Circular map of the content of the chloroplast genomes from the Rauvolfioideae subfamily. LSC and SSC (dark blue) and IRA and IRB (gray). The black ring represents the C + G. The chloroplast genomes are represented in red (H. speciosa), purple (Catharanthus roseus), yellow (Rhazya stricta), and green (Carissa macrocarpa). Gene annotations are represented in dark green.
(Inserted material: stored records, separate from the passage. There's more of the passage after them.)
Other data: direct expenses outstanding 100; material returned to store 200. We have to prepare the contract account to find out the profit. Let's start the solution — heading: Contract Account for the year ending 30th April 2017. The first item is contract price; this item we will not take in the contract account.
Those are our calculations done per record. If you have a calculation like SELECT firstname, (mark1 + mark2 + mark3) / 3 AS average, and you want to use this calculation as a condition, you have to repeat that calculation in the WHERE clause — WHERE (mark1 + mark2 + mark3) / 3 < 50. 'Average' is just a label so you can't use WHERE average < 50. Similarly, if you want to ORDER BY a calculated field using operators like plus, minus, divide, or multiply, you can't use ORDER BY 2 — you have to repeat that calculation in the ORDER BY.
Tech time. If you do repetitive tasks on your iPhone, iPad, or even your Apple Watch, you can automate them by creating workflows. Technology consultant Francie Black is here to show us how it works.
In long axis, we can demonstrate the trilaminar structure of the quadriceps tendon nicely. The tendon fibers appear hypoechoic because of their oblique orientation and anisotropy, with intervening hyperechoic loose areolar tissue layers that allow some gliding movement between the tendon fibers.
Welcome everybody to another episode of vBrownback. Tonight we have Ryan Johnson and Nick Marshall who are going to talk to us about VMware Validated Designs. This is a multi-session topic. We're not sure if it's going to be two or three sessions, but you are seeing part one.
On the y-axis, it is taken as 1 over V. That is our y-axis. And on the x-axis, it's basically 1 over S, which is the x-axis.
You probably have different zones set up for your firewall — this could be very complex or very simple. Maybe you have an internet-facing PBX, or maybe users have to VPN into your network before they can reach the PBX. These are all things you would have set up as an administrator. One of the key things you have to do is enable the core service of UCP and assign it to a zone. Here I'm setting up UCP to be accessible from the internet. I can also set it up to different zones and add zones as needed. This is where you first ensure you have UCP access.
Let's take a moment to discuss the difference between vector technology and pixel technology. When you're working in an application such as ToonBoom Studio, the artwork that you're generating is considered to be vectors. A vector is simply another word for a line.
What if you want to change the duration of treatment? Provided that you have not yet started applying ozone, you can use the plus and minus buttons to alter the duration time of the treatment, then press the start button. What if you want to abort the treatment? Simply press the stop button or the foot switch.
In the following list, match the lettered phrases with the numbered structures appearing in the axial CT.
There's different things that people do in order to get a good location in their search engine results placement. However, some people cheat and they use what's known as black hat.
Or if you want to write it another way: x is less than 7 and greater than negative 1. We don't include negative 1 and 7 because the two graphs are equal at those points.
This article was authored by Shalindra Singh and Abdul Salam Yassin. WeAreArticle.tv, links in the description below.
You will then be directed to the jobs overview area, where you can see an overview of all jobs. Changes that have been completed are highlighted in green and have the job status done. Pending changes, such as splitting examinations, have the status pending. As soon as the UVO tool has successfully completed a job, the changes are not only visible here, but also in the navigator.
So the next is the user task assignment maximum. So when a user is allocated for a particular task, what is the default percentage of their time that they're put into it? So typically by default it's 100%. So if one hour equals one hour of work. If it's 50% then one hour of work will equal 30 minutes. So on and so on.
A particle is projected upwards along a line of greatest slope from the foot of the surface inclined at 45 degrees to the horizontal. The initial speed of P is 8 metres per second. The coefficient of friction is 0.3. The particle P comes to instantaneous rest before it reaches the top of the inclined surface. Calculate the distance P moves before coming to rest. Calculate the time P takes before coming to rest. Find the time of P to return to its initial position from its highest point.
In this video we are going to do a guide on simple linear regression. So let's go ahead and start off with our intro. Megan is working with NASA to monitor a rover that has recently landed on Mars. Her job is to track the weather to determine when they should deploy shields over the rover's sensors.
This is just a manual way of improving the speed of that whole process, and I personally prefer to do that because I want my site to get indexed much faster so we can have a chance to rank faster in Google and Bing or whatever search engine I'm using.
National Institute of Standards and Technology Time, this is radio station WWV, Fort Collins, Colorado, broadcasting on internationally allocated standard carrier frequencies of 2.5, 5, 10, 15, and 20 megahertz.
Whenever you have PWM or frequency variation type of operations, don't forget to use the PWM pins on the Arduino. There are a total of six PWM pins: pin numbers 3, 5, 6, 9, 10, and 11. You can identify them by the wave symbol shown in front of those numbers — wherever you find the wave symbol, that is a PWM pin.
The inside circle represents the molecular phylogenetic analysis by the maximum likelihood method, with supported values estimated by bootstrap

Fig. 4
figure 4

Comparative analysis of microsatellites in the chloroplast genome of Rauvolfioideae

The Apocynaceae family contains 370 genera, organized into 25 tribes in five subfamilies, and although the phylogeny of Apocynaceae has been analyzed based on morphological characteristics and DNA sequences, the phylogenetics analysis has shown that Rauvolfioideae is first diverging lineage, while other subfamilies are derived (Lahaye et al. 2007; Simões et al. 2007; Livshultz 2010; Simões et al. 2016; Fishbein et al. 2018; Ollerton et al. 2018). The phylogenetic tree using complete chloroplast genomes corroborates the findings of prior studies (Simões et al. 2007; Livshultz et al. 2007; Fishbein et al. 2018), in which Rauvolfioideae is basal in the Apocynaceae; however, two clades have been observed, suggesting that Rauvolfioideae is paraphyletic as described in previous studies (Simões et al. 2007; Fishbein et al. 2018). The paraphyly (Rauvolfioideae and Apocynoideae) and monophyly (Periplocoideae, Secamonoideae and Asclepiadoideae) in the family happened mainly due to its wide distribution in the tropics around the world, which resulted in different modifications and adaptations between species. However, the paraphyly within Rauvolfioideae have not yet been analyzed for their chloroplast genome structure, but a comparison among genomes has shown that their gene order and content are highly conserved.